6. Find a reliable source. CCC doesn’t package anything until it’s been ordered so the product remains fresh. Keane visits every farm she works with and observes their practices and procedures, tasting along the way as she creates trusting partnerships with her vendors. She suggests asking your local gourmet market various sourcing questions. “I didn’t trust anyone at first,” says Keane. “I want to be assured I am comfortable feeding my 7-year-old daughter the caviar. Now I have a community of people who I know will give me the absolute best because they know I know what I’m talking about and my palate can detect anything less than what I expect.”

7. Store your caviar properly. Caviar belongs in the coldest part of your refrigerator and with a packet of ice covering it. If throwing a party and having it shipped, caviar should arrive no more than two or three days before the event. If purchasing at a store, make sure the caviar is no where near produce and that the place it is being stored in is between 28 and 32 degrees. “Caviar is all oil so as it warms up, air and temperature affect its breathing process,” says Keane. “It’s like red wine. Caviar matures the moment you open it.” Since the pop on the palate is critical, it’s important to note that the longer caviar is left out, the softer it gets.

8. Taste it.
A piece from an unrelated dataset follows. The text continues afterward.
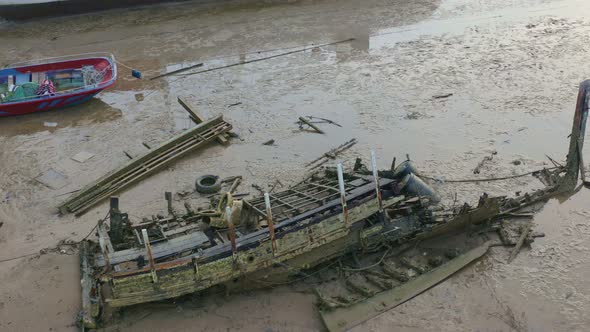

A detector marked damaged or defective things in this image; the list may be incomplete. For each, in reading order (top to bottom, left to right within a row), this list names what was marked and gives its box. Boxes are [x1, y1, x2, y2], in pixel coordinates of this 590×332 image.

broken wooden rib [58, 115, 234, 215]
rusted engine part [58, 115, 234, 217]
broken wooden rib [322, 241, 492, 332]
CCC has their own tasting room where visitors can try their pressed lavender, bacon, and truffle infused caviars. Most places don’t get that fancy, but a good purveyor should be open to sampling. Caviar should taste creamy and nutty; not like the inside of a fish tank or like polluted waters. “The good thing about farmed caviar is that you control the flavors because you can process the best conditions,” says Keane.

Meanwhile, Keane is further helping to advance aquaculture sustainability. She is creating a process and product “that will change the caviar industry for the first time in 250 million years.” Her innovation plans to take CCC from being a sustainable green company that replaces what it takes from the environment, to a blue business where, “we won’t have to take at all from the environment to get the same results.”